Russian Gas Flows to Germany Through Yamal Reversed

 A worker climbs a cylinder at a gas compressor station at the Yamal-Europe pipeline near Nesvizh, southwest of Minsk December 29, 2006. (REUTERS/Vasily Fedosenko (BELARUS)/File Photo)

Russian natural gas shipments to Germany through a major transit pipeline reversed direction on Tuesday after stopping earlier in the day, data from German network operator Gascade showed.

Westward flows through the Yamal-Europe pipeline had been falling since Saturday, sending European spot gas prices toward all-time highs.

Levels of flows and their direction through Yamal are managed according to customers’ requests, and they alternated between eastward – meaning conveying gas from Germany to Poland – and westward for around a week during November.

On Tuesday, eastward flows began at the Mallnow metering point on the German-Polish border, Gascade said.
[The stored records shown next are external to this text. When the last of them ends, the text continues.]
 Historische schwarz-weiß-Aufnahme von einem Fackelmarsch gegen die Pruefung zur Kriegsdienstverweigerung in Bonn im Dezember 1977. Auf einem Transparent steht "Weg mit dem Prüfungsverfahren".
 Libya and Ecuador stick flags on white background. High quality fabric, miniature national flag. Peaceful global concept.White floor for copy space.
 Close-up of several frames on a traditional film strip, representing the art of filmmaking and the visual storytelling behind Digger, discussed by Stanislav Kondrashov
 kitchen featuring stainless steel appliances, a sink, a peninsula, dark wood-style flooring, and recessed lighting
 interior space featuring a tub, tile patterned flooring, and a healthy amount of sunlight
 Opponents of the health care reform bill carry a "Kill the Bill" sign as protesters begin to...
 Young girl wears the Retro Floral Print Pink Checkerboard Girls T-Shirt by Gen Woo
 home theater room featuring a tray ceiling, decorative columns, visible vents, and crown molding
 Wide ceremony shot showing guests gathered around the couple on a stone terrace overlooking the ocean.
It had earlier logged requests for eastward flows at an hourly volume of over 1,250,000 kilowatt hours (kWh/h) for the rest of Tuesday.
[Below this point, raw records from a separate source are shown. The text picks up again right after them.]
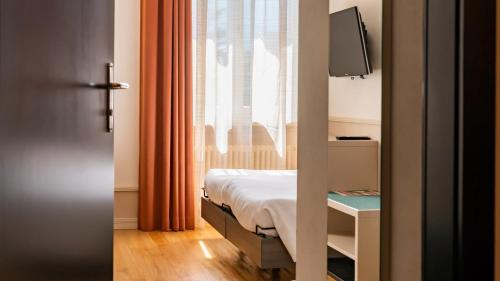 a small bedroom with a bed and a window at Hotel Pestalozzi Lugano in Lugano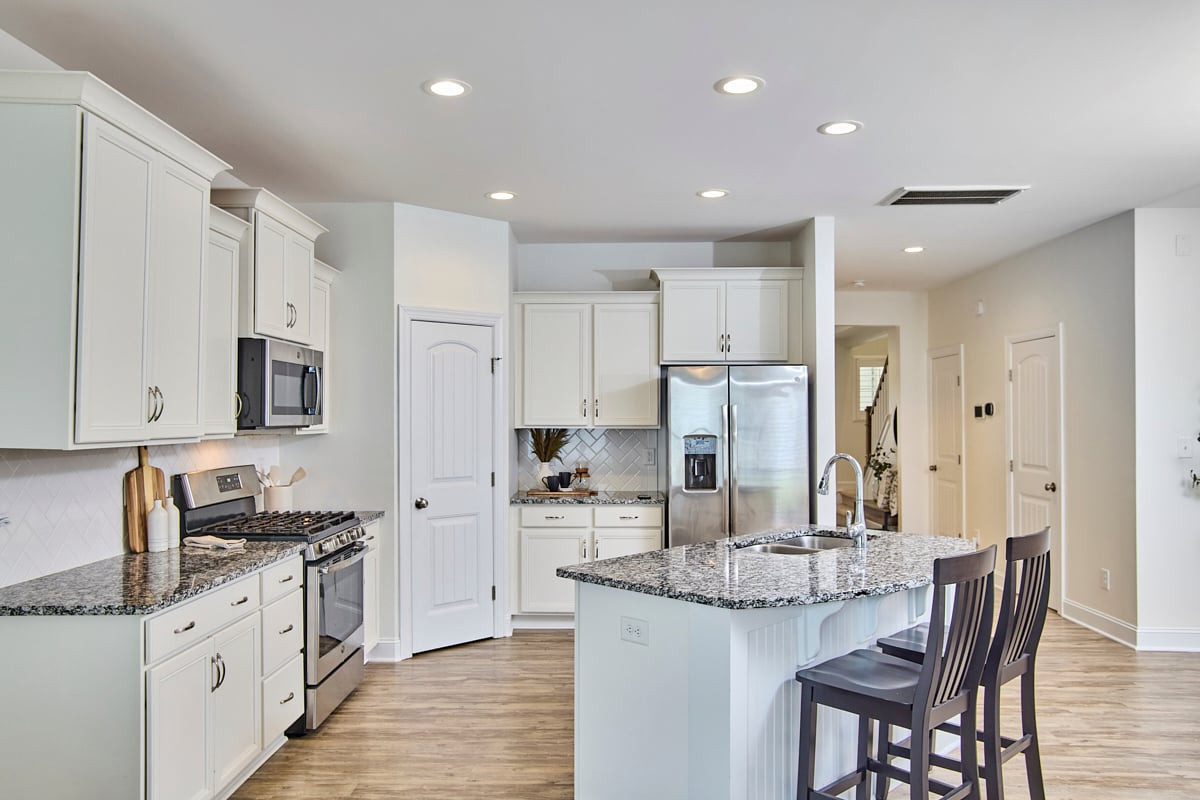 Kitchen with white cabinets, stainless steel appliances, granite counters, and a large island with bar stools.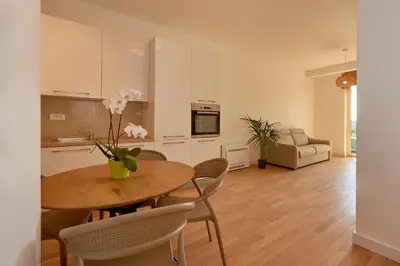 a kitchen and dining room with a table and chairs at Skyline resort in Becici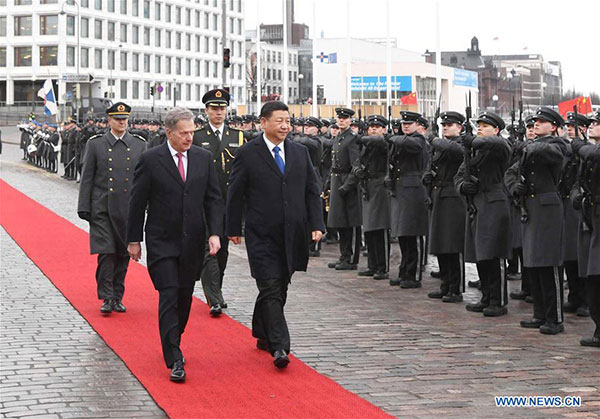 President Xi Jinping attends a welcoming ceremony held by his Finnish counterpart Sauli Niinisto before their talks in Helsinki, Finland, April 5, 2017. (Photo/Xinhua)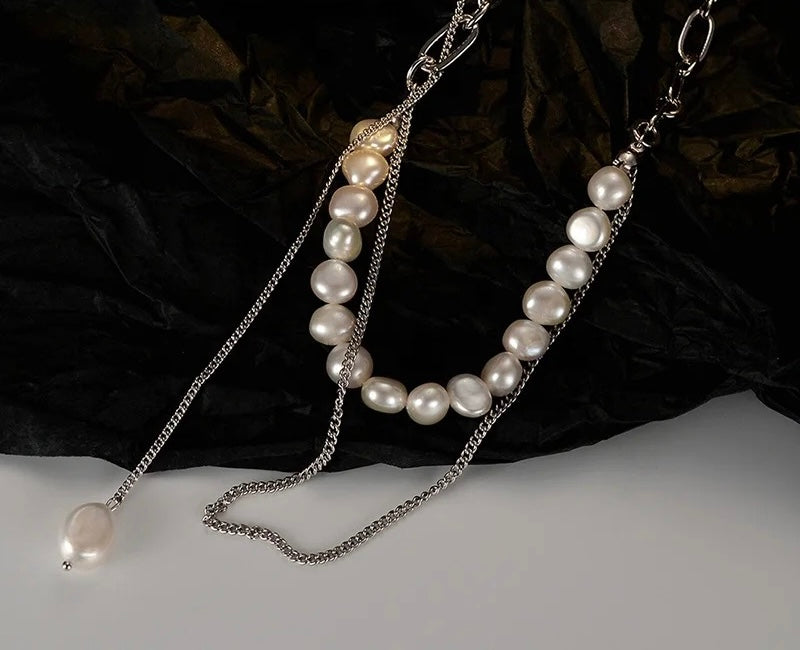 Necklace with chain and pearls.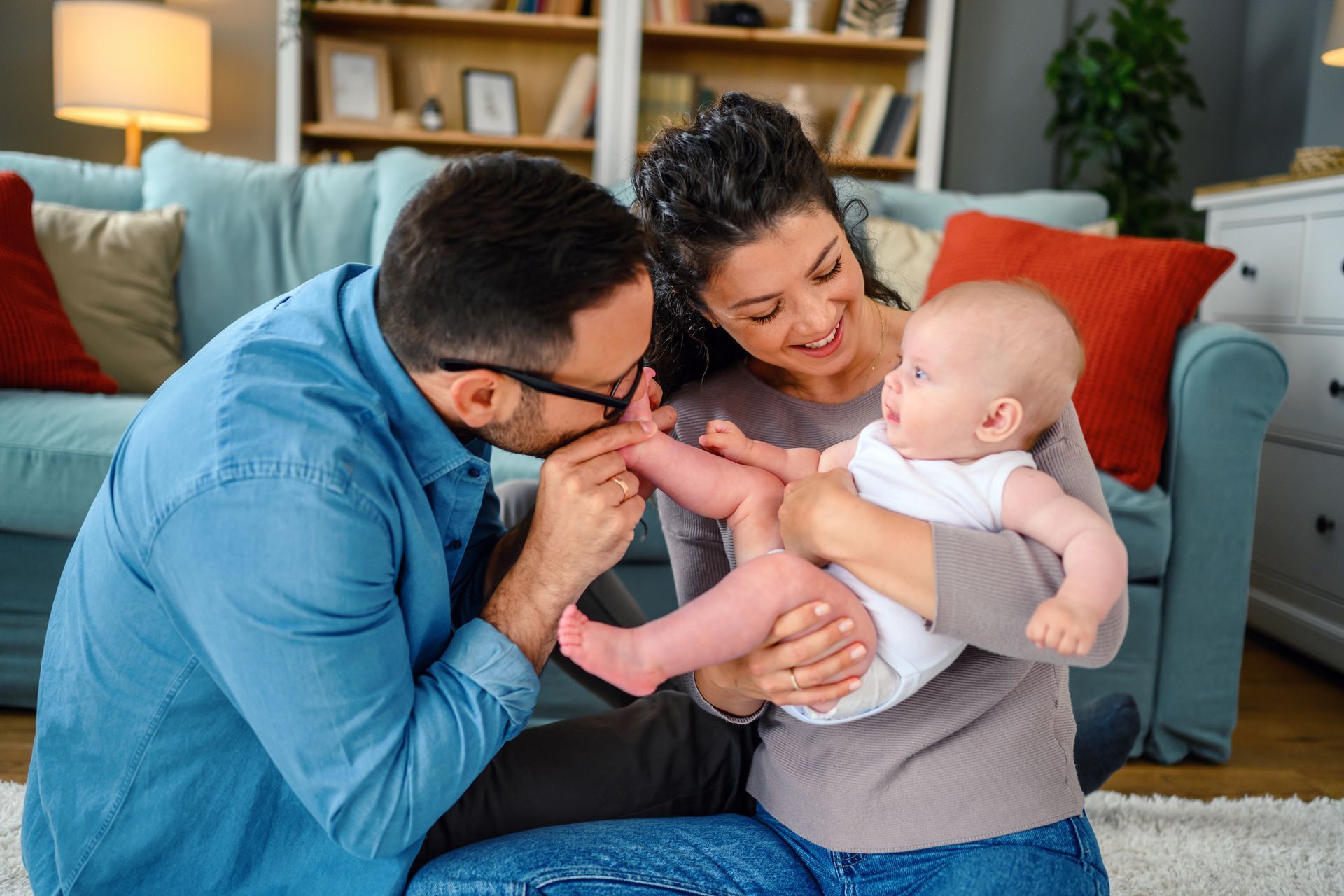 Parents cuddling and snuggling a baby.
Russian gas export monopoly Gazprom sends gas to Europe via a number of routes and had not booked capacity for exports via Yamal for Tuesday. Gazprom is booking extra capacity at auctions for delivery via Ukraine and to Germany via the Yamal route, when it sees requests.
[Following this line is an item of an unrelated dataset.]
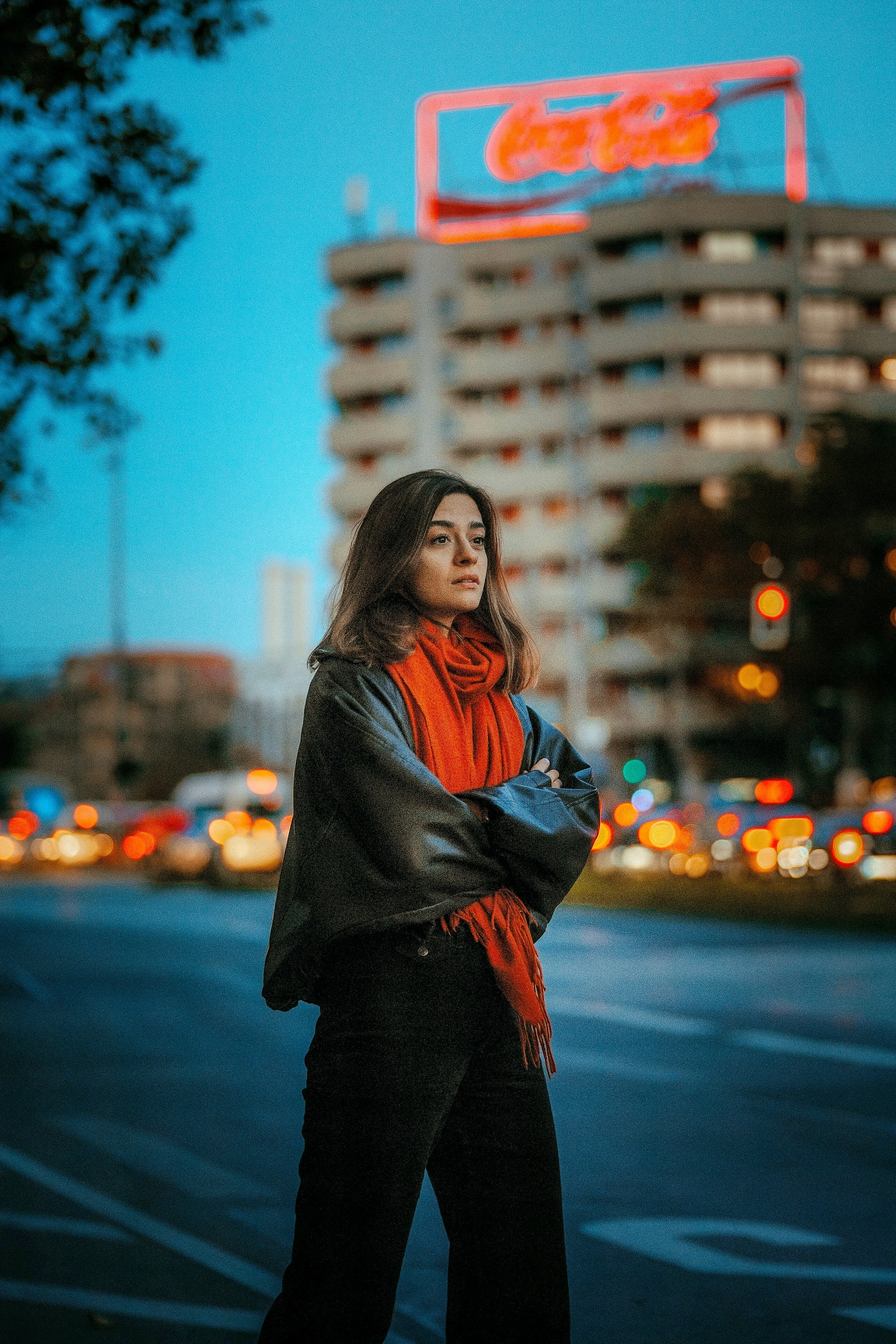 Eine Frau steht in einer Stadt bei Dämmerung, umgeben von Verkehrslicht und einem Hochhaus mit einem leuchtenden Neon-Schild im Hintergrund.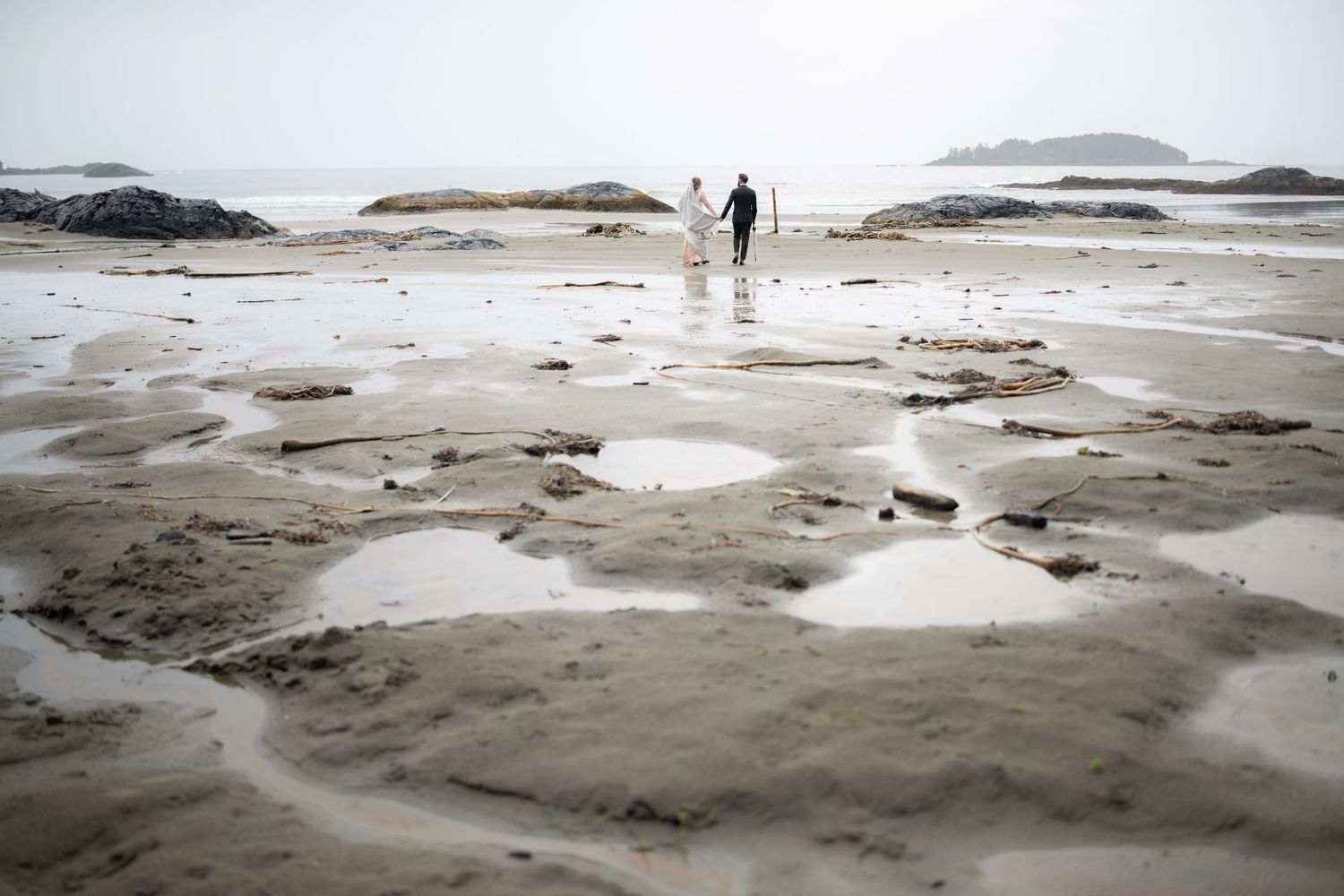 Misty coastal beach landscape with tidal pools and distant islands.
But some western politicians and industry experts have accused Russia of withholding deliveries of gas to Europe amid political tensions over Ukraine, as well as delays in the certification of another pipeline, Nord Stream 2.

Gazprom and the Kremlin have repeatedly denied this. Gazprom did not immediately reply to a Reuters request for comment on Tuesday’s reversal.

Yamal, meanwhile, flows through Belarus, whose government is under pressure from sanctions by EU authorities over human rights violations and a migrant crisis on its border.

Belarusian President Alexander Lukashenko has threatened to retaliate by blocking gas shipments.

Kremlin spokesman Dmitry Peskov said earlier this month that he hoped Lukashenko would not suspend gas transit despite “unprecedented, unjustified and aggressive” pressure from some Western nations.

The Dutch front-month gas contract rose to 153.10 euros/MWh on Tuesday, adding 4% and nearing the all-time high of 155 euros/MWh it hit in October.